After watching the video, you should have learned:

1.      Most all icing accidents in the last 30 years have been due to wing stall.

2.      On airplanes certified for icing prior to 2000, buffet was the means of compliance for stall warning in icing and the stall warning system should not be relied upon in icing.


CAVEAT (not in video) – the above is true for new designs.  When the type certificate is amended to add a derivative design, assume the stall warning is not reliable in icing conditions.


3.      The autopilot can be used in icing, but airspeed should be closely monitored and periodically disconnected with significant ice accretions.

4.      Airplanes certified for icing after 1994 have been evaluated for ice contaminated tail stall (ICTS).  If you follow your AFM limitations and procedures, the airplane is not susceptible to ICTS.

5.      Airplane icing certification before 1994 did not include evaluation of susceptibility to ice contaminated tail stall (ICTS).  You should know how to recognize wing versus tail stall and mitigate the potential for ICTS.

6.      For airplane not evaluated for ICTS, in icing conditions, approach and land with flaps less than full if field length permits, increase airspeed, and treat uncommanded motion or control anomalies as a wing stall


CAVEAT (not in video) – there are a number of small airplanes certified prior to 1994 in which the FAA has evaluated their susceptibility to ICTS.  Click here to access a web site that has a link to a list of airplane models for which Airplane Flight Manual (AFM) limitations and procedures in icing (particularly if there is a maximum allowable flap deflection in icing conditions) should be trained and a tailplane stall recovery procedure shall NOT be trained.
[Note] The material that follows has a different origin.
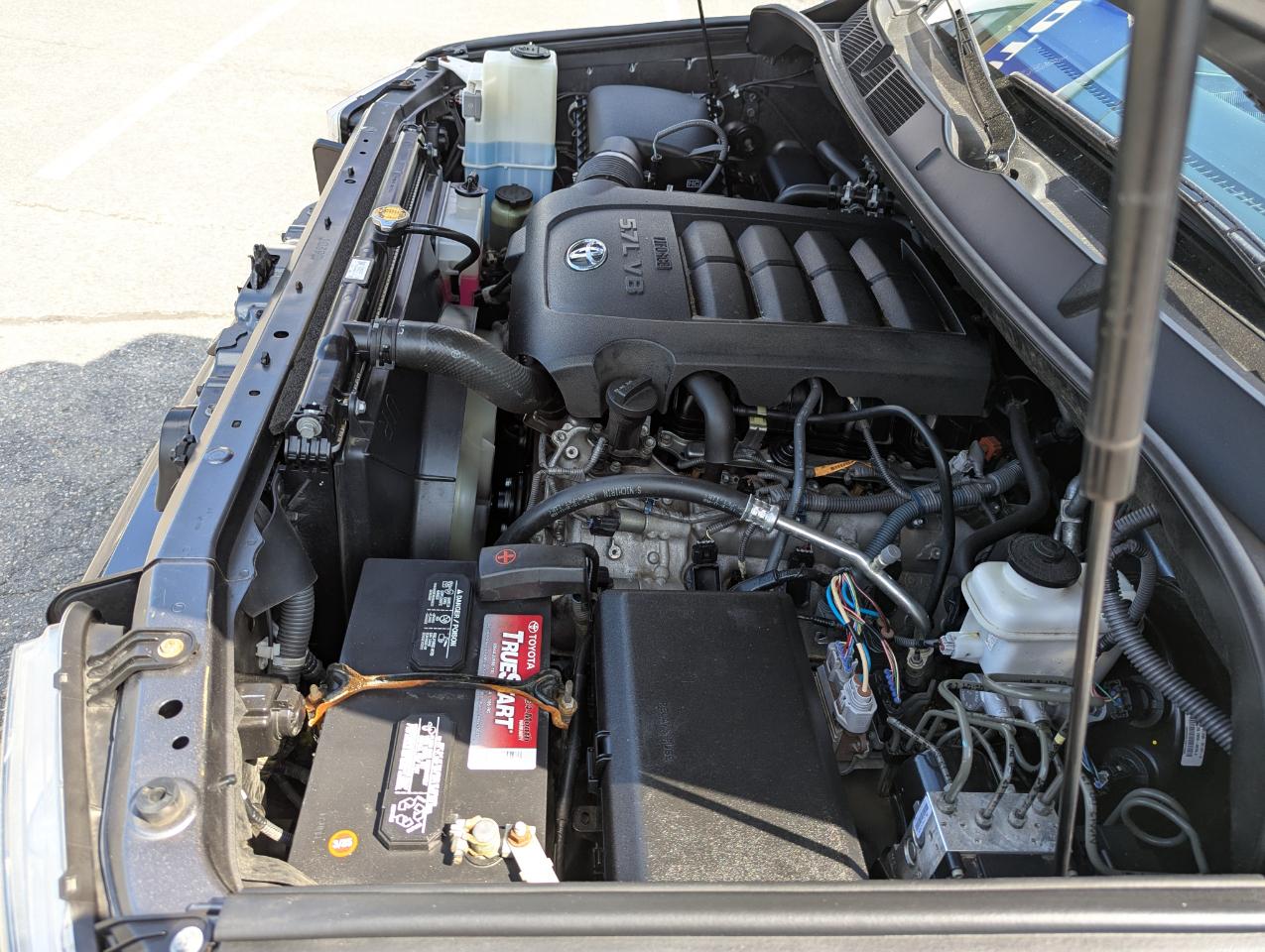 Toyota Sequoia Platinum 4WD (Natl) 2017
7.      Small airplanes certified for icing before 1973 were not required to be tested in icing conditions, and their ice protections systems were not required to be analyzed to demonstrate their capability.

8.      There are no certification requirements for airplanes not certified for icing to show their capability to exit inadvertent icing.

9.      Airplanes certified to the latest icing standards have not been certified to fly in freezing drizzle or freezing rain and you should have learned how to avoid these conditions.